A few days ago I went to the Brantley Gilbert concert and ended up finding Kelley and Shaun. It was so good to see them seeing as we are all PCSing, but different directions. I haven't seen Shaun in close to two years I'd say. We wanted to stay and watch the fireworks and it hit me this is my last fourth of July here for a while. The move is finally starting to hit home. I have been so busy I haven't thought about it. Well it is coming whether I like it or not.
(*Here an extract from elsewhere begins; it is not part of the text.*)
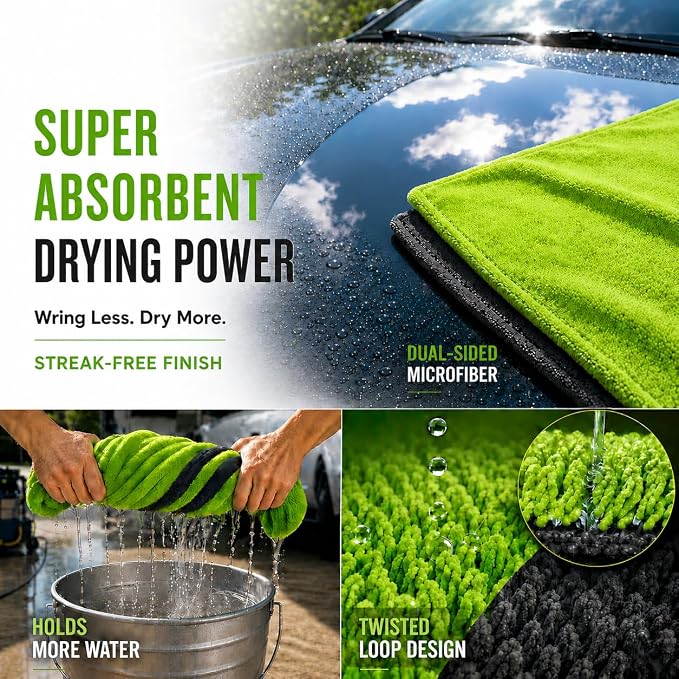 teworld® Car Drying Towel, Extra Large 48 x 24 Inch, 1400 GSM, Dual-Color | Twisted Loop Microfiber Towel for Cars - Absorbent Car Dry Towel and Car Wash Towel for Streak-Free, Paint-Safe Car Detailing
It got me thinking about how crazy this past year has been. Brandon and I have been through a lot personally and together. We have tackled obstacles I hope most people never go through in their lives, but it makes us that much stronger. There have been quite a lot of highs to go along with that. 2013 has been a lot of good for us. We got engaged, married, and soon will be moving and living together. It will be one of the biggest adventures we probably ever go on and I couldn't imagine someone better to share it with. I know it won't be easy, but I also know it will be one of the best things that could ever happen to us. We will learn to depend on one another much better than we do now. It has been over six years since we have lived in the same state, so this will take some getting used to. We are both incredibly independent, so it won't be easy.
Had I been told a year ago this is where we'd be I think I would laugh in someone's face. Our journey hasn't been an easy one, but it is one to remember. All the headaches (or most) we can laugh about now. I know there will come a day when we can laugh about all of it! I know when we look back on the next few months we will laugh about the problems we had. It will all be growing pains and getting used to being together.
Last night we went out to dinner with Kelley and Shaun and talked about how couples in the military (who get stuck with drill instructor) can get divorced when they are apart too much. Brandon and I laughed because we are used to being apart (not laughing about them getting divorced) and knowing it is an issues I think it makes a world of difference.
I am just excited to be able to reflect on this time in our lives and laugh about the little things we stressed about.